Магия книги
Шрифт:
Между тем эта прекрасная книга не является чисто биографическим произведением, Роллан исходит исключительно из сочинений Толстого, причем ранних, и все они — «Казаки», «Война и мир» и «Анна Каренина» — шедевры литературы. Страницы, посвященные «Войне и миру», едва ли не прекраснейшие из всего написанного Ролланом. Радостно, читая его книгу, видеть, сколь многое может любовь!
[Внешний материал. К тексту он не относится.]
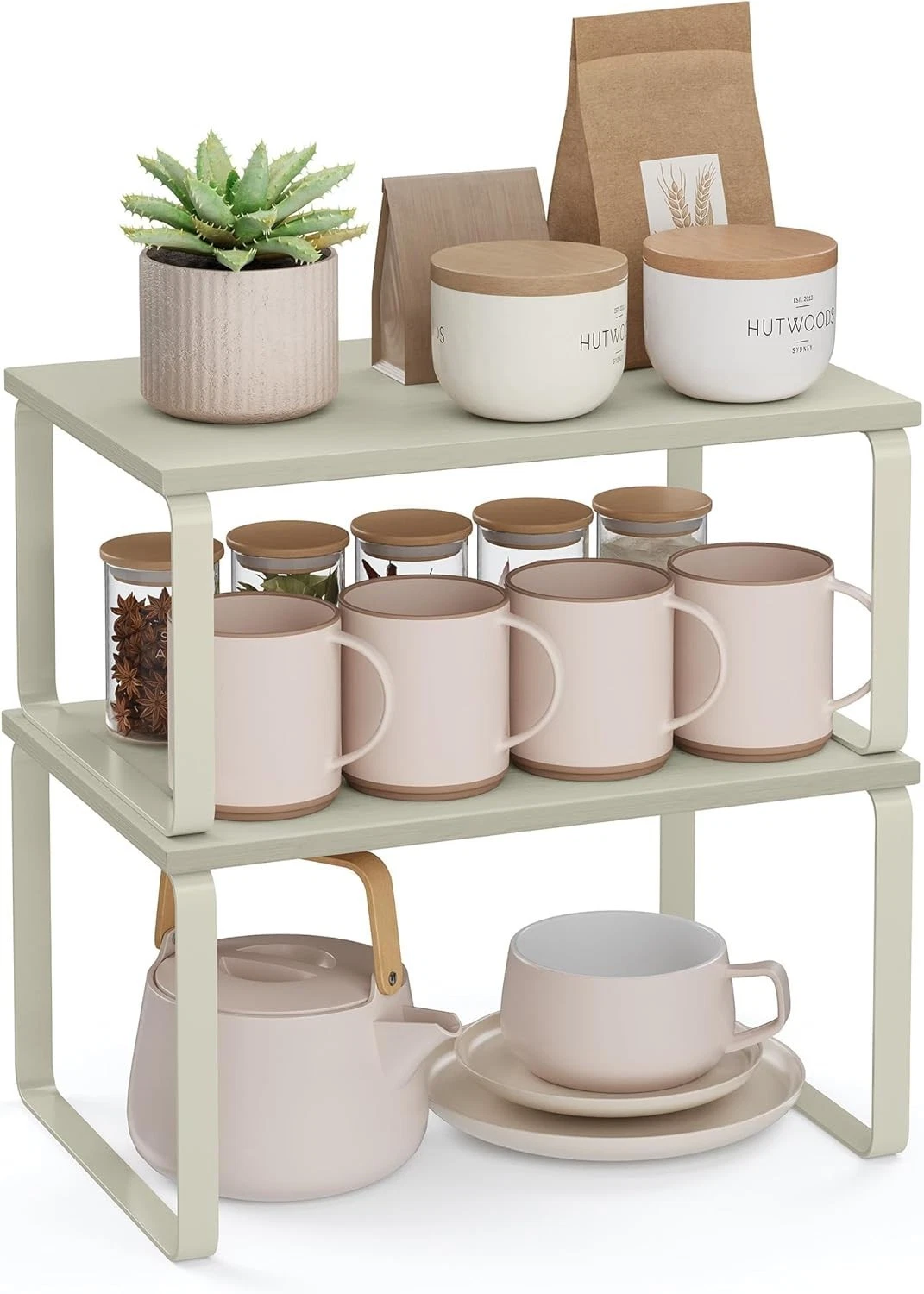 Spice Rack, Set of 2 Cupboard Shelf Organisers, Expandable Kitchen Shelf Organis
Видеть, как француз и тонкий ценитель искусств понимает русского, простодушно разгромившего искусство, как европеец и сторонник социализма проникает в мировоззрение восточного мистика, как он отдает ему должное, не цепляясь въедливо к его учению, но следуя за Толстым даже тогда, когда темперамент русского иконоборца бушует с неукротимой мощью; Роллан постигает и раскрывает для нас не отдельные тезисы или заблуждения, а самое внутреннюю жизнь Толстого; читать Роллана — редкое, исключительное наслаждение.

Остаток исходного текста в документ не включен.